# A month of smallmouth fishing in Canada



## robertj298 (Feb 23, 2009)

I spent the whole month of September smallmouth fishing in Canada. The first week my son was with me and the last week my wife was with me. Caught a ton of 3-4 lb. smallmouth with maybe a half dozen over 4 lbs.. Also caught some of the biggest northerns I've ever taken fishing for smallmouth. Heres some photos of the fish, scenery and wildlife in the area. I am very very lucky to have such an understanding wife to agreewith me doing this


----------



## Rocknfish (Oct 7, 2004)

A lucky man indeed! 
Great photography...hard to beat the feeling of being on the water at the days dawn.
Congrats on a MONTH of fishing man...wow.


----------



## Snakecharmer (Apr 9, 2008)

Nice photos. Gotta luv the moose.


----------



## SMBHooker (Jan 3, 2008)

Wow. . . Must of been a dream trip! Great pics!


----------



## WillyB2 (Dec 28, 2008)

Robert, you lucky dog. I can only manage a one week trip to Ontario each year. I love those smallies. The only difference is my wife is right there in the boat with me. We had a great trip this year catching most of our bass on topwater. What great action !! Beautiful pics, what part of Canada were you in?

Willy


----------



## robertj298 (Feb 23, 2009)

WillyB2 said:


> Robert, you lucky dog. I can only manage a one week trip to Ontario each year. I love those smallies. The only difference is my wife is right there in the boat with me. We had a great trip this year catching most of our bass on topwater. What great action !! Beautiful pics, what part of Canada were you in?
> 
> Willy


We were in the Mcgregor Bay area off the Manitoulin Island. My wife was in the boat with me the last week of the month. She can only take about 1 week of being in the wilds lol. Usually the topwater bite is great but this year it was just ok. Most of the smallmouth were caught on tubes even the 16.5 lb Northern was caught on a tube. It was a miracle I landed the Northern .He had the tube back in the top of his mouth and how he didn't cut my line as I was using no leader was a miracle. I also only had a small bass net so I had to use the mechanical lip grabber in the photo to land him which was no small task


----------



## Ry440 (May 11, 2011)

it looks beautiful! The wildlife up there is just breathetaking. I bet it was hard to come back to ohio lol


----------



## MDBuckeye (Sep 29, 2009)

Great pictures!
Ontario used to be an annual trip for me but in the last couple of years I haven't been up.
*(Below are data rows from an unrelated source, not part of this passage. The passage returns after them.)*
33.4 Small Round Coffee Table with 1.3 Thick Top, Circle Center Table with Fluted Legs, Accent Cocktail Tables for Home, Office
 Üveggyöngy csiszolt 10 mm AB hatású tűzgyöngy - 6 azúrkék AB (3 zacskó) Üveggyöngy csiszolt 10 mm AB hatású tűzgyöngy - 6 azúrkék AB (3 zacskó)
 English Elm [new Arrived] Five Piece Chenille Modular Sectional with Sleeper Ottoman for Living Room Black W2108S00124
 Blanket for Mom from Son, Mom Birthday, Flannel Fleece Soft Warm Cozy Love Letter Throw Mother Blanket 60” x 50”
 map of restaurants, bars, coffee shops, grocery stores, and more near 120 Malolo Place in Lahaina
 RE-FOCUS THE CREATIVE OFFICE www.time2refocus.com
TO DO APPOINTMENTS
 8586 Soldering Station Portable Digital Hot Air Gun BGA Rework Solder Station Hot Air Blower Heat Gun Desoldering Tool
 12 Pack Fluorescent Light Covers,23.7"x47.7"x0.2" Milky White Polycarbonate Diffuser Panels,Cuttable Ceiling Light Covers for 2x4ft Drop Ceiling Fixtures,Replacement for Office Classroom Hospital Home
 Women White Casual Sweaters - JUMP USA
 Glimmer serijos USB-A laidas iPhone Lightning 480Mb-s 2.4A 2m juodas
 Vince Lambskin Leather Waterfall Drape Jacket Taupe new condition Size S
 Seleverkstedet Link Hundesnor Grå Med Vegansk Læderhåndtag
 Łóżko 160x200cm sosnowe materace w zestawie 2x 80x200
Congrats on a wonderful trip!


----------



## Capital outdoorsman (Mar 27, 2006)

The picture of the deer brought back a memory. I have hit a couple while driving a car but will never forget nearly hitting one while in a boat.


----------



## scappy193 (May 11, 2009)

man, you are LUCKY!!! i want to live through your pictures. post more please!!


----------